[Dataset records]

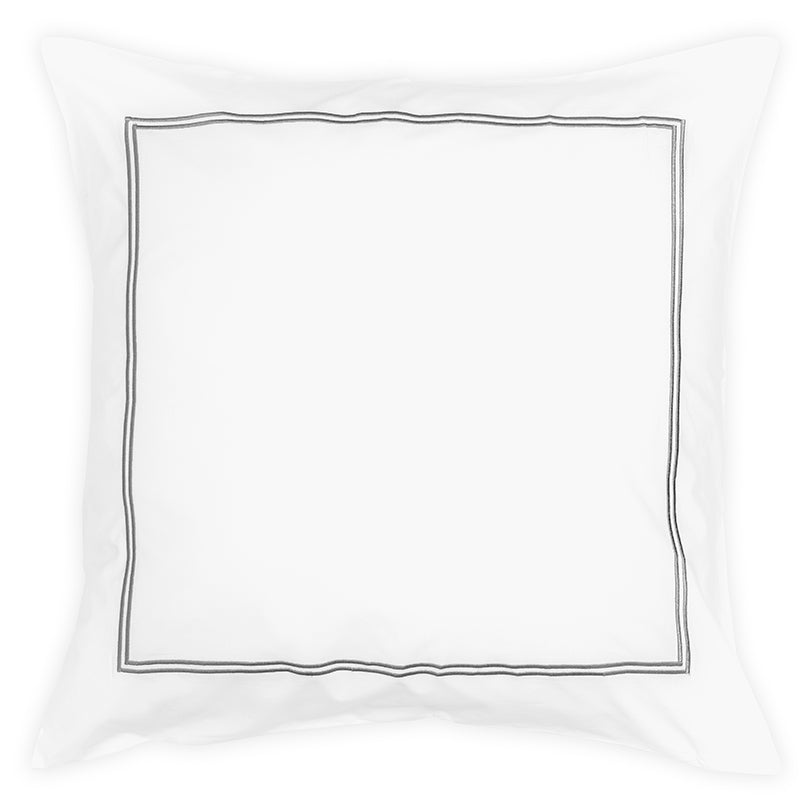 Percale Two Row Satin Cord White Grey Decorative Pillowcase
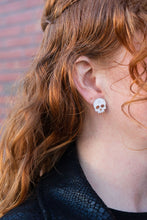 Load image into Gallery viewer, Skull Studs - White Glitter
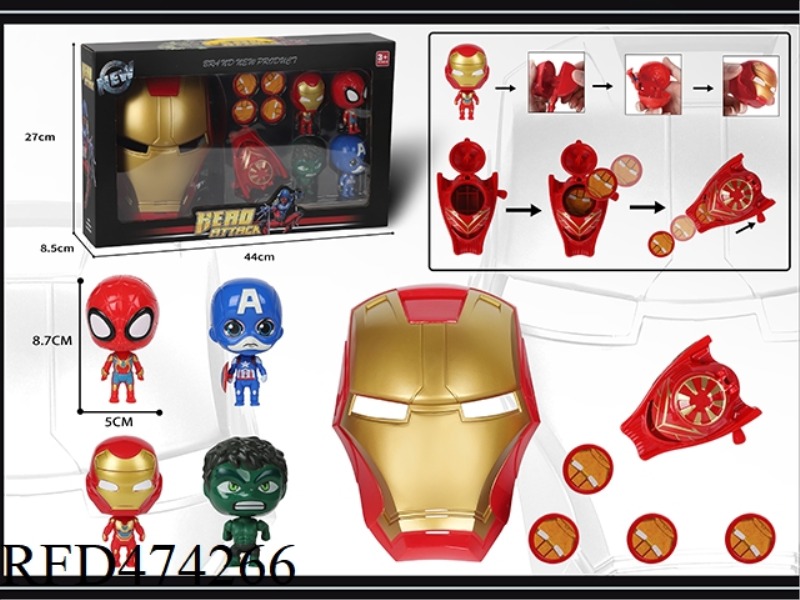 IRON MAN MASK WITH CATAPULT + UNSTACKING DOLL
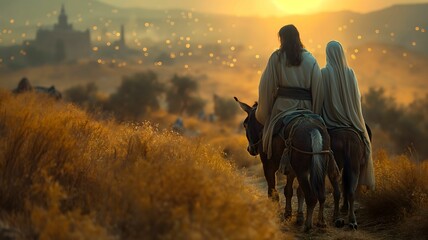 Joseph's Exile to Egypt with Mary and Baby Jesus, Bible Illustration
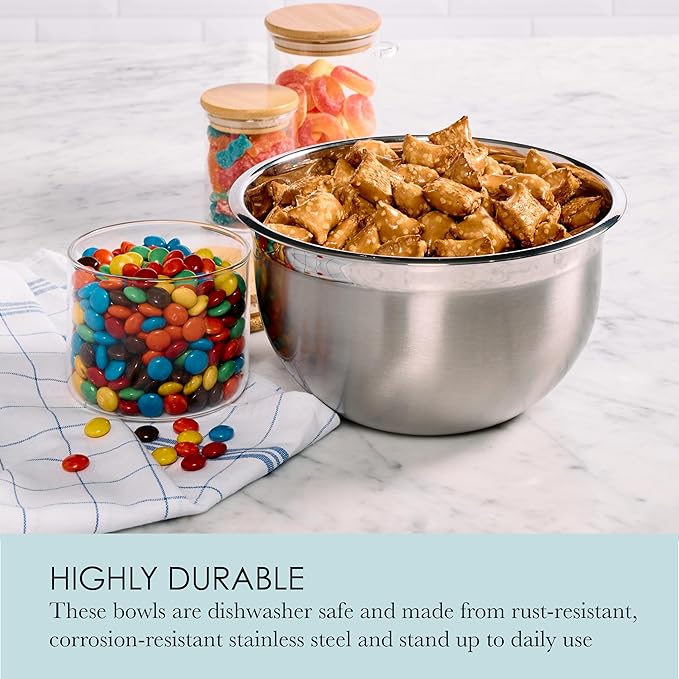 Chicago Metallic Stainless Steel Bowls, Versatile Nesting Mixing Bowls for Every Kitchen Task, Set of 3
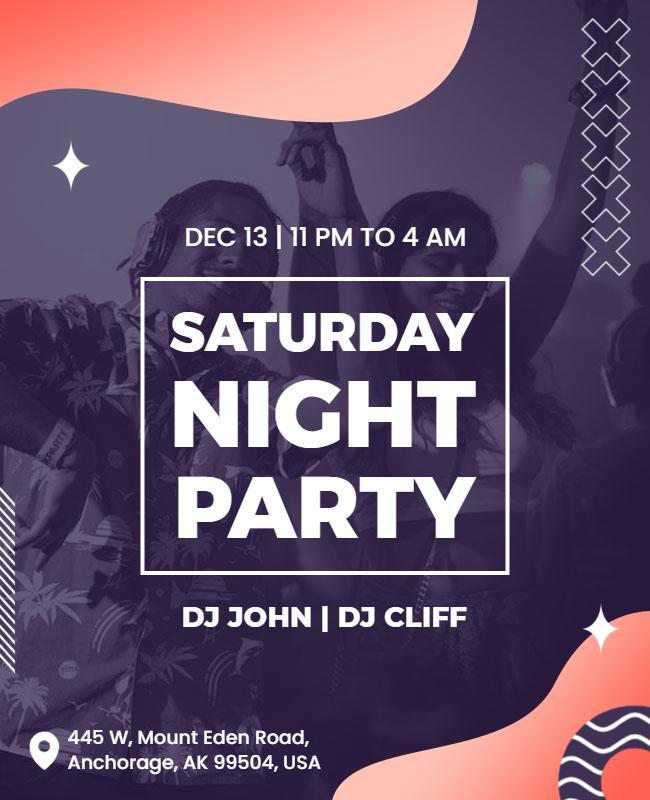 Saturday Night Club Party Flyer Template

Action item:
Make an exact copy of the records, pictures excluded.

Exercise answer:
 Percale Two Row Satin Cord White Grey Decorative Pillowcase
 Load image into Gallery viewer, Skull Studs - White Glitter
 IRON MAN MASK WITH CATAPULT + UNSTACKING DOLL
 Joseph's Exile to Egypt with Mary and Baby Jesus, Bible Illustration
 Chicago Metallic Stainless Steel Bowls, Versatile Nesting Mixing Bowls for Every Kitchen Task, Set of 3
 Saturday Night Club Party Flyer Template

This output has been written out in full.